The Greek Parliament is expected to vote Wednesday on a package that includes some $40 billion in spending cuts and tax increases. The vote is expected to be tight: the ruling PASOK party controls the majority in Parliament, and is by-and-large expected to vote "yes," but there have been rumors in recent days that certain members have defected. Prime Minister George Papandreou has tried to rally the party, but has still faced steep opposition, winning a key confidence vote by a narrow margin.
"The odds remain high ... that the bill will pass but uncertainty persists ahead of the vote," wrote analysts at BNP Paribas in a research note.
Without the fresh aid package, many analysts suggest, Greece won't be able to pay the tranche of debt that comes due next month -- forcing it to default. A default by Greece could affect more stable euro zone members like Spain and Italy, and create a cascading effect that pressures global credit markets.
Energy markets rallied on hopes of a resolution to the Greek debt crisis. The euro jumped 0.49% against the U.S. dollar and the greenback fell 0.29% against a basket of world currencies.
Light, sweet crude surged $2.28, or 2.5%, to $92.89 -- the biggest leap in more than a month. Wholesale RBOB gasoline soared 8 cents, or 2.9%, to $2.89 a gallon.
Consumer gasoline prices continue on their downward trend. A gallon of regular gas at the pump costs $3.55 on average nationwide, down from $3.79 last month, but still well above the $2.76 drivers paid last year, according to the AAA Fuel Gauge Report.
On the economic front, consumer confidence fell to its lowest level since November 2010 in June, according to the Conference Board. The index fell to 58.5 from a revised 61.7, far below forecasts of 60.
A pessimistic job outlook weighed on confidence, as more participants said jobs were difficult to get, and fewer said jobs were plentiful. Inflation expectations, which are closely watched by economists, fell considerably during the month.

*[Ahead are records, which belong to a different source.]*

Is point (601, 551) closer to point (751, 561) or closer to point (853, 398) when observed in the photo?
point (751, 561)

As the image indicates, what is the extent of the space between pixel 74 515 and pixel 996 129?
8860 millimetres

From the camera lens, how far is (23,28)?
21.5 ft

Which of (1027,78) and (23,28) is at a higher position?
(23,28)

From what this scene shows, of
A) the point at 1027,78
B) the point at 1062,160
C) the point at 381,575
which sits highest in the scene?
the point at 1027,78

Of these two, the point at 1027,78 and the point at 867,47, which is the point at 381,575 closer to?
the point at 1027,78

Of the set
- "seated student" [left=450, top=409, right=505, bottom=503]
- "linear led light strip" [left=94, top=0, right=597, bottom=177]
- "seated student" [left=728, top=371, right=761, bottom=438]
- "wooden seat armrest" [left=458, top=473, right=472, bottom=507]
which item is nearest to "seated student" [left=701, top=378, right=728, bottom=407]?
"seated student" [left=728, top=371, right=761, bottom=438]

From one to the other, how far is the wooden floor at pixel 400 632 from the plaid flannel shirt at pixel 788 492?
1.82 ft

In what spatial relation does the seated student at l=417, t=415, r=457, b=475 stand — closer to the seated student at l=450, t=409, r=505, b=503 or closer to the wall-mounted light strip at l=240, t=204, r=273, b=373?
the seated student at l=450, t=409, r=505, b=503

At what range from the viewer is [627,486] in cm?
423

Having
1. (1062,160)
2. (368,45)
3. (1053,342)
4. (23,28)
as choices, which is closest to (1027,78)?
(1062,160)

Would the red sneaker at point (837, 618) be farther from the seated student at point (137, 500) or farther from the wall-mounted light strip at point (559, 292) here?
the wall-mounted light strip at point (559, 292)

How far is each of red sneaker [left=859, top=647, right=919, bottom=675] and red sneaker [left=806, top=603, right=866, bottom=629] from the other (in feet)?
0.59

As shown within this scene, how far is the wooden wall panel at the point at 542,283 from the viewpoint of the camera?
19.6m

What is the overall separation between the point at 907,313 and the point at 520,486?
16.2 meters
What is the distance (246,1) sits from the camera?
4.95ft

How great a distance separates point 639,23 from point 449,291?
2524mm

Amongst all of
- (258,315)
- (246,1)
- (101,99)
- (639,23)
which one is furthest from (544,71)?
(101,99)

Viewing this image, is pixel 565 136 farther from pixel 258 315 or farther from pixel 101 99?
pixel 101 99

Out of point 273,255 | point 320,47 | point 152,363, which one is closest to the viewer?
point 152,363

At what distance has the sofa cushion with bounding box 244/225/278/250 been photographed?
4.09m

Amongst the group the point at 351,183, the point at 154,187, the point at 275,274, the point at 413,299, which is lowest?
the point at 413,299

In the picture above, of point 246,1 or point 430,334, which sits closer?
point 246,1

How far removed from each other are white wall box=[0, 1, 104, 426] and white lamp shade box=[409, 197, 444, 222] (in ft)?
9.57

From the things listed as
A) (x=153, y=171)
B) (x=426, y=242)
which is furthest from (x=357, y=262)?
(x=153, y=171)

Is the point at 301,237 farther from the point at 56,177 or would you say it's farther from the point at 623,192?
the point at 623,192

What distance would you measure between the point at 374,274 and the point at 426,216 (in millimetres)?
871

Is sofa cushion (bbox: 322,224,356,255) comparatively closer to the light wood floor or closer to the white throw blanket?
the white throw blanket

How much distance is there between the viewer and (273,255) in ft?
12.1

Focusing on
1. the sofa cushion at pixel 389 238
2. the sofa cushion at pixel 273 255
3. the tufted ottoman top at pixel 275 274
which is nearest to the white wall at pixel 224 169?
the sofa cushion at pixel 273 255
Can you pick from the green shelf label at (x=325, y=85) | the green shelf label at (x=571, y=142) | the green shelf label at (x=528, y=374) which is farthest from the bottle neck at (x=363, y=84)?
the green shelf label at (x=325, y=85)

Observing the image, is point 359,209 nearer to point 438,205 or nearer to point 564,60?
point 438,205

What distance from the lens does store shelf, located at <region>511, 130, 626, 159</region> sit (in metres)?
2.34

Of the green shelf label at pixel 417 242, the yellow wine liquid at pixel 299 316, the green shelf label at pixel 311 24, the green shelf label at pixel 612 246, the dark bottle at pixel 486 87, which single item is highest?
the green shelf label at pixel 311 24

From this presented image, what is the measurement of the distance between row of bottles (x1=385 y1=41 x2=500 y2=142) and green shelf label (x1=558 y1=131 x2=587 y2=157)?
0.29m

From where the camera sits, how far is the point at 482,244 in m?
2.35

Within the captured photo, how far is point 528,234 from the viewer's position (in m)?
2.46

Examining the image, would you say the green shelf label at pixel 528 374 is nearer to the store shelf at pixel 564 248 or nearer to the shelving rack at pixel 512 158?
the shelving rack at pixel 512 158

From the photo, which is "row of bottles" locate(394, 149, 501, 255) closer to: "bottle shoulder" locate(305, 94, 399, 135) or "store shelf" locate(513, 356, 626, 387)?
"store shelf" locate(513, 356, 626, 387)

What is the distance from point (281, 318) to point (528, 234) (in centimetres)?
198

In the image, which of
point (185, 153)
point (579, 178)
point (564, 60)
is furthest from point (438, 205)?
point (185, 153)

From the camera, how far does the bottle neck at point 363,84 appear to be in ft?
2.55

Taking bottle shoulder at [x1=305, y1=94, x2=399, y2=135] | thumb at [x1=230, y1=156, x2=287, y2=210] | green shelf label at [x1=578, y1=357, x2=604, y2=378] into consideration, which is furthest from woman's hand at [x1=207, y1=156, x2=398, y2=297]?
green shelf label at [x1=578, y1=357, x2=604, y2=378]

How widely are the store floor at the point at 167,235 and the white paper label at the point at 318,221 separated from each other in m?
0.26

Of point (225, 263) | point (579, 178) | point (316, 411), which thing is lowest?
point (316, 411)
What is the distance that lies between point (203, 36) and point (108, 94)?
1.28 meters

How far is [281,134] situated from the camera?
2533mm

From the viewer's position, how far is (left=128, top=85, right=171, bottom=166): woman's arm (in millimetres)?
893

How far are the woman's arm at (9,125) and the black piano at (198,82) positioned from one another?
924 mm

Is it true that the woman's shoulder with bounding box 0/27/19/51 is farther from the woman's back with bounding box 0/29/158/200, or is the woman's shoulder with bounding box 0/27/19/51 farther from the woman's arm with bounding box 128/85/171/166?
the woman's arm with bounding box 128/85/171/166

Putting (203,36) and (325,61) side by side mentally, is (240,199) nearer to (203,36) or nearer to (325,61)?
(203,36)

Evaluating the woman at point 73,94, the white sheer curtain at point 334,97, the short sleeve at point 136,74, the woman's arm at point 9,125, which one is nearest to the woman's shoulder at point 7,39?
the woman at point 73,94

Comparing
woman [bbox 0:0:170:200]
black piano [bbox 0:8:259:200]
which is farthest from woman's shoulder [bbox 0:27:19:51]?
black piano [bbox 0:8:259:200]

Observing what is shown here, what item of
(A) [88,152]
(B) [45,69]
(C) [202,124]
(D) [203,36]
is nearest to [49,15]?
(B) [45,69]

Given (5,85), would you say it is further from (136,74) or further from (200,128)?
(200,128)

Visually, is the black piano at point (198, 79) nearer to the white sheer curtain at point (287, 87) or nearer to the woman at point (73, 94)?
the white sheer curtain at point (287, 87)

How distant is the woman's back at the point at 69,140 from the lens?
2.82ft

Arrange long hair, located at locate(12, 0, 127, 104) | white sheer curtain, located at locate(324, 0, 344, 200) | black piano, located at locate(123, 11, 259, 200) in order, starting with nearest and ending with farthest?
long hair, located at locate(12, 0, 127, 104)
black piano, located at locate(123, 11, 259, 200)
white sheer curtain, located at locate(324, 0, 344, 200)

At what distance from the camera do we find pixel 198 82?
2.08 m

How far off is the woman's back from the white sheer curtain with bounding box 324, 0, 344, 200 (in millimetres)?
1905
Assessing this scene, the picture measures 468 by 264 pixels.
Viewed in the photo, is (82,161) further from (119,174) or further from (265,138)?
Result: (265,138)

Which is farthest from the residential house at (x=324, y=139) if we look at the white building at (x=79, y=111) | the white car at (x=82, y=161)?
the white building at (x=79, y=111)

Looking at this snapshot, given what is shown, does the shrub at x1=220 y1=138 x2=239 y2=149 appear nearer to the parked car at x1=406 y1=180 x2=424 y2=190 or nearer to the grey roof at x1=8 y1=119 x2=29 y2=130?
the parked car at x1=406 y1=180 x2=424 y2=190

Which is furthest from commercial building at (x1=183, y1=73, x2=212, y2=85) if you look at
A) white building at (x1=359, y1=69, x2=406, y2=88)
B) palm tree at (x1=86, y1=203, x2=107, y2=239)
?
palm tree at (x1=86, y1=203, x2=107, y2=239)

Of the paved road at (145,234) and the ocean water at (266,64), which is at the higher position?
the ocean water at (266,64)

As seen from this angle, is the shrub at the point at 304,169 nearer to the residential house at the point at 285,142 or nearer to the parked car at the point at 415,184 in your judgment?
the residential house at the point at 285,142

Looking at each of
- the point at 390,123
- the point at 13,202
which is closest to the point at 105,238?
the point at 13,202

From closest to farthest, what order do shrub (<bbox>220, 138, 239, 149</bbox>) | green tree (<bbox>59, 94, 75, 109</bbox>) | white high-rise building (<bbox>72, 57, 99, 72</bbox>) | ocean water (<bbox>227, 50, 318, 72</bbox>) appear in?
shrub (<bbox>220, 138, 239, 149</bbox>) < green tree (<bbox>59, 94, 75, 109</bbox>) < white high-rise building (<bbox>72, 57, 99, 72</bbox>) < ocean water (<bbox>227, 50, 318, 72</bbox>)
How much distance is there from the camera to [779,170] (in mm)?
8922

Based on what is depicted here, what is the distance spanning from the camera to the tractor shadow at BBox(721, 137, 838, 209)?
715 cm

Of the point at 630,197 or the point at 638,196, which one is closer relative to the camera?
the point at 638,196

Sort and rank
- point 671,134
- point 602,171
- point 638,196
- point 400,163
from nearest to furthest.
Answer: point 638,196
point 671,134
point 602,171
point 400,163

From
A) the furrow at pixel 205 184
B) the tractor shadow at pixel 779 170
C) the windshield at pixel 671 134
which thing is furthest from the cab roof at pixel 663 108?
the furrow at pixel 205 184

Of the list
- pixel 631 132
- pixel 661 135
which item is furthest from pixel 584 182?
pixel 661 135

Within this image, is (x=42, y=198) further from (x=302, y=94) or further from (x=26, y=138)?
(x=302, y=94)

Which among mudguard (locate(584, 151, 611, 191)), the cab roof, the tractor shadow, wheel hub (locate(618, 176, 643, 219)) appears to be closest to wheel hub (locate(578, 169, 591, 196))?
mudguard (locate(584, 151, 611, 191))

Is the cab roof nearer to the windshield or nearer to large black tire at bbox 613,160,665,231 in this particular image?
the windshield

The S&P/Case Shiller Home Price Index showed home prices in 20 major metropolitan areas rose 0.7% in April on a non-seasonally-adjusted basis, topping estimates of a gain of 0.3%. With seasonal adjustments, the gauge ticked lower by 0.1%, a shallower loss than the 0.2% Wall Street expected. Prices were down 4% from a year ago, slightly higher than the 3.9% decrease analysts forecast.
Home prices took a hit during the economic downturn because of high supply and demand that was weakened by a slew of factors, including a tight mortgage market.
In metals, gold rose $3.80, or 0.25%, to $1,500 a troy ounce. Silver climbed 6 cents, or 0.16%, to $33.65 a troy ounce.
Goldman Sachs (NYSE:GS) tumbled to a two-year low in mid-day trading.
Google (NASDAQ:GOOG) unveiled its new social networking service that takes aim at the red-hot social market pioneered by firms like Facebook and Twitter.
Lockheed Martin (NYSE:LMT) was awarded a $184 million contract to build threat detection systems for the U.S. Army.
Accenture (NYSE:ACN) shares got a boost after Standard & Poor's said the consulting company would replace Marshall & Ilsley (NYSE:MI) on the S&P 500 index next month.
Microsoft (NASDAQ:MSFT) is set to unveil its Office in the cloud software called Office 365, which is meant to compete with other Internet-based productivity programs made by rivals like Google (NASDAQ:GOOG) and Zoho.
Sony (NYSE:SNE) says it became the subject of a major hacking attempt because it attempted to protect its intellectual property on video game consoles.
The English FTSE 100 climbed 0.88% to 5,773, the French CAC 40 soared 1.5% to 3,855 and the German DAX jumped 0.94% to 7,174.
In Asia, the Japanese Nikkei 225 jumped 0.74% to 9,649 and the Chinese Hang Seng inched higher by 0.09% to 22,062.